In 1979, English poet Craig Raine published his seminal poem ‘A Martian Sends a Postcard Home’. Raine’s metaphorical descriptions of natural and man-made phenomena represented a new way of seeing, from an extraterrestrial’s point of view, attempting to make sense of its earthly observations. It is via this reversed perspective, from the outside in or ‘defamiliarised’ view that Jiri Kratochvil approaches his art making. 

A couple of years prior to Raine’s poetic masterpiece, NASA sent Voyagers 1 & 2 into outer space with a message aboard by Carl Sagan and his colleagues – a kind of time capsule intended to communicate to extraterrestrials the story of humans on Earth. Included was a message from the then president of the US Jimmy Carter:  This is a present from a small, distant world, a token of our sounds, our science, our images, our music, our thoughts and our feelings. We are attempting to survive our time so we may live into yours”.  

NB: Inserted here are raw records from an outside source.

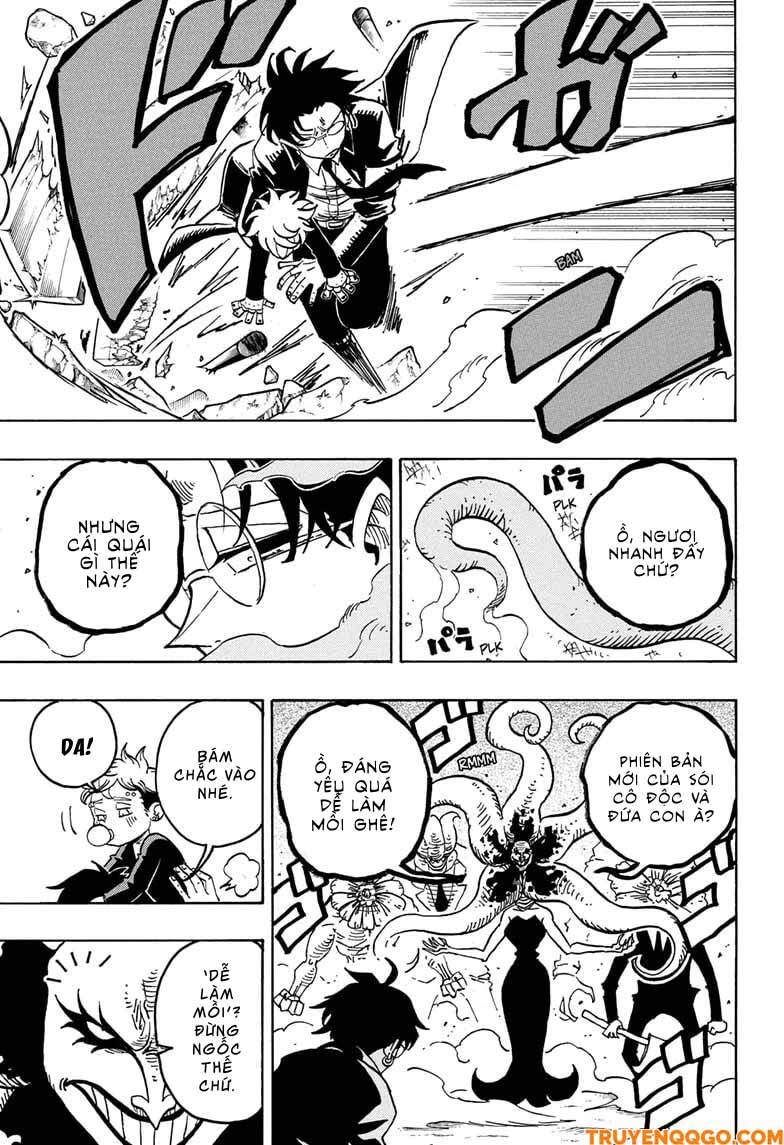 Exorcist No Kiyoshi-Kun Chap 37 - Next Chap 38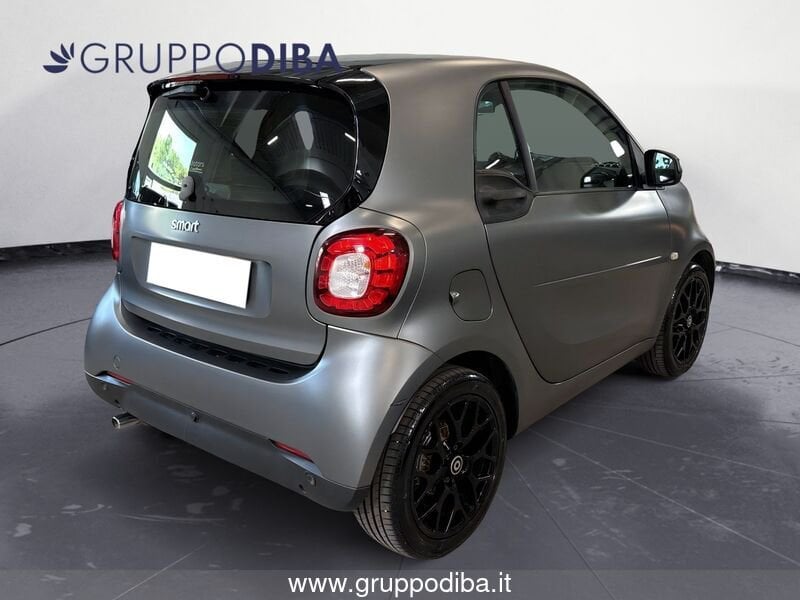 smart Fortwo Fortwo 1.0 Passion 71cv twinamic- Gruppo Diba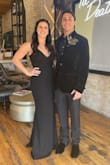It was the perfect simple, classy black dress. Nice heavy material too! - Jenna K.
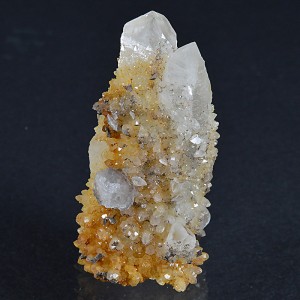 Quartz, Calcite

Responding to the spirit of this gesture, Kratochvil has, throughout a career spanning over forty years, sought to explore critical aspects of the world, offering glimpses into human civilisation, culture and existence. Gathered over time, his work represents a trove containing some of the most consequential markers of the evolutionary process, from the earliest coil pot to Greek inventions, from diatoms to gold. Political, symbolic and existential references connect past and present, the man-made and the natural universe and serve as a visual commentary for onlookers inclined to know and understand the human narrative. The resulting body of work integrates a diverse set of ideas and observations, expressed through sculptural objects and drawings.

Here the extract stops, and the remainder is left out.